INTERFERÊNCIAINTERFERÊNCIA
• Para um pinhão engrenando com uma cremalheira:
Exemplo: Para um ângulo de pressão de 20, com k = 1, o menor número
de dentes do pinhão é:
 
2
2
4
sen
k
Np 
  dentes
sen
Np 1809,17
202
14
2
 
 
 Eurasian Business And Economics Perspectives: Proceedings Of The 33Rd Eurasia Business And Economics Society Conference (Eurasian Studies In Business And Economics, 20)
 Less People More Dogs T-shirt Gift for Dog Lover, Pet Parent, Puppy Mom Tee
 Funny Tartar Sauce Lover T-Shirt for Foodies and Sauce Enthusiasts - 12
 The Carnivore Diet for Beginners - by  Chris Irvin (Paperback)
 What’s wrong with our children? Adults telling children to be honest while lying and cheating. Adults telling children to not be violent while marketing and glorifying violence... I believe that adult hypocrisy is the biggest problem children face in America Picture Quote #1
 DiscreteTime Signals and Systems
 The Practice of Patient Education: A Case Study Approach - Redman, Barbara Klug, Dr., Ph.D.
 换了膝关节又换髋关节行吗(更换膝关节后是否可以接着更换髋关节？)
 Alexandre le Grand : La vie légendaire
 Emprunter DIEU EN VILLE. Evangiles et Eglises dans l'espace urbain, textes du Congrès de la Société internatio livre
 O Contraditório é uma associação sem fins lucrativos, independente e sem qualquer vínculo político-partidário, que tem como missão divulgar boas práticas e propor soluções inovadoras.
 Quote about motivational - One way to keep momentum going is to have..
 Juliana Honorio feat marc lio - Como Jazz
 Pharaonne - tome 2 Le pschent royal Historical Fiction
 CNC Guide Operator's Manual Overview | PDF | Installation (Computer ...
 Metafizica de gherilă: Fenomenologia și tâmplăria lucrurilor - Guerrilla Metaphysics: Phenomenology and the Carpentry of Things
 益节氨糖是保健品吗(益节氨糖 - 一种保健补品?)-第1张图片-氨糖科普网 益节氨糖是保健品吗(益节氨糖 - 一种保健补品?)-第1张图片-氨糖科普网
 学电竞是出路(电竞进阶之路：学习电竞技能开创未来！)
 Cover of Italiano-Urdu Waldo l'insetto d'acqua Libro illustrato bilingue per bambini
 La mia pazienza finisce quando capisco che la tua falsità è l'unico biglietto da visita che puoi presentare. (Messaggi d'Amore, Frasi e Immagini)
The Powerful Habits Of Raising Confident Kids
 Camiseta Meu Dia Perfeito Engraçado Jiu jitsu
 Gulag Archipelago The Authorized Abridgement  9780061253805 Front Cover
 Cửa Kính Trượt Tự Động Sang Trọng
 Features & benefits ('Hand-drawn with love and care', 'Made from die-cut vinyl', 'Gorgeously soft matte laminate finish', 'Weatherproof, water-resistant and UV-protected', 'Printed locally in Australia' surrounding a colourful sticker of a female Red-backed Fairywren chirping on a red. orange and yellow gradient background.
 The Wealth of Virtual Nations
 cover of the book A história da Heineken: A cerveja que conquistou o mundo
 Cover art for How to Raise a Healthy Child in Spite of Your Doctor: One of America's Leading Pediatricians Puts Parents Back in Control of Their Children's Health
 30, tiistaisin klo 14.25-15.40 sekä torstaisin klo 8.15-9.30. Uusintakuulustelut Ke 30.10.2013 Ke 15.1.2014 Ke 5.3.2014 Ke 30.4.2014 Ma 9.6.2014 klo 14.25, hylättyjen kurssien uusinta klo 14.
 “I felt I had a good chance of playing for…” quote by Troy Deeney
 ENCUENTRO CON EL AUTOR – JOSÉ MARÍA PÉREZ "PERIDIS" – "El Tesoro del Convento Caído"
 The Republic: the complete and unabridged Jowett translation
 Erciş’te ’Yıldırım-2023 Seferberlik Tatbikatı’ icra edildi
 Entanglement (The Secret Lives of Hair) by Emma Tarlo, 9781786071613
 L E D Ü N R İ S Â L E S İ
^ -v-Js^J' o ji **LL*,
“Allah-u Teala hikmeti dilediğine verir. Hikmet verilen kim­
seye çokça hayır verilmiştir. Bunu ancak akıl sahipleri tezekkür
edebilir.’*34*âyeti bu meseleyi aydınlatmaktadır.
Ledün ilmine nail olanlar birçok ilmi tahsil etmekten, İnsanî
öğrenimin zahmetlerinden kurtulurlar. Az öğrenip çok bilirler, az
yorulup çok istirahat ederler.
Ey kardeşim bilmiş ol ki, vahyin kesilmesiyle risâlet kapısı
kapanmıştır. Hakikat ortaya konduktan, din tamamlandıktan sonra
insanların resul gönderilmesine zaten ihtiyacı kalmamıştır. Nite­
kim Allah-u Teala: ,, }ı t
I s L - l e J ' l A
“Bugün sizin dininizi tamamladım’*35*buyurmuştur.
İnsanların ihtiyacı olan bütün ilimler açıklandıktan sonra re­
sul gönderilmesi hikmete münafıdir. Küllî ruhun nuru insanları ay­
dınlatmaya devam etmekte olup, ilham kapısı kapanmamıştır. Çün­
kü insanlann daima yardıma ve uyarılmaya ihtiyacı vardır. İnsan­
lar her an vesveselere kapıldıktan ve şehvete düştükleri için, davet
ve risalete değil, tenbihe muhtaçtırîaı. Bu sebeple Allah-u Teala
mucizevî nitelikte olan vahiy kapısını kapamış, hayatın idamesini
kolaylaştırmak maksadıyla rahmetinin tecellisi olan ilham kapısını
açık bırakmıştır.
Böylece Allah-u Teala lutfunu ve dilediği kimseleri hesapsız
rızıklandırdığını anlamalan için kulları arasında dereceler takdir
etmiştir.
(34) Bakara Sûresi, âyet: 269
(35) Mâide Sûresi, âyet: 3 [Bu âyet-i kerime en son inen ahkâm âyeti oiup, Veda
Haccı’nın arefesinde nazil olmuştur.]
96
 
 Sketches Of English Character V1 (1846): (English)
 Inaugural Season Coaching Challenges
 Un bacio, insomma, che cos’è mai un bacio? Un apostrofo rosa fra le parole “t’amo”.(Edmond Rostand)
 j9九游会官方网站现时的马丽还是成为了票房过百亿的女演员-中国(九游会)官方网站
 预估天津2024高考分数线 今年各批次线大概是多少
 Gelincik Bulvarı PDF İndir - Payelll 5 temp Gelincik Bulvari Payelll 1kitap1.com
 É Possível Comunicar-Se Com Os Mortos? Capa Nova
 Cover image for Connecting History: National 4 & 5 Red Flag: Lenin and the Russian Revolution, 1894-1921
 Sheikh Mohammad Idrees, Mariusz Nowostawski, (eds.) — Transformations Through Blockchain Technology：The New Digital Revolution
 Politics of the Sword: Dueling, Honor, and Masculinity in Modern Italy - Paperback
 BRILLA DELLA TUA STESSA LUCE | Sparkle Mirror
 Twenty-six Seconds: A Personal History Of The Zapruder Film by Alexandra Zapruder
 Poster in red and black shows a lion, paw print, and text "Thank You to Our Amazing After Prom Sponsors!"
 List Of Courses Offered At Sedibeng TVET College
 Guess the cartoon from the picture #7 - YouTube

+++

YOUR GOAL: Lines with the string "âyeti": pick each one out of the material and return it.

ANSWER SECTION:
edebilir.’*34*âyeti bu meseleyi aydınlatmaktadır.
(35) Mâide Sûresi, âyet: 3 [Bu âyet-i kerime en son inen ahkâm âyeti oiup, Veda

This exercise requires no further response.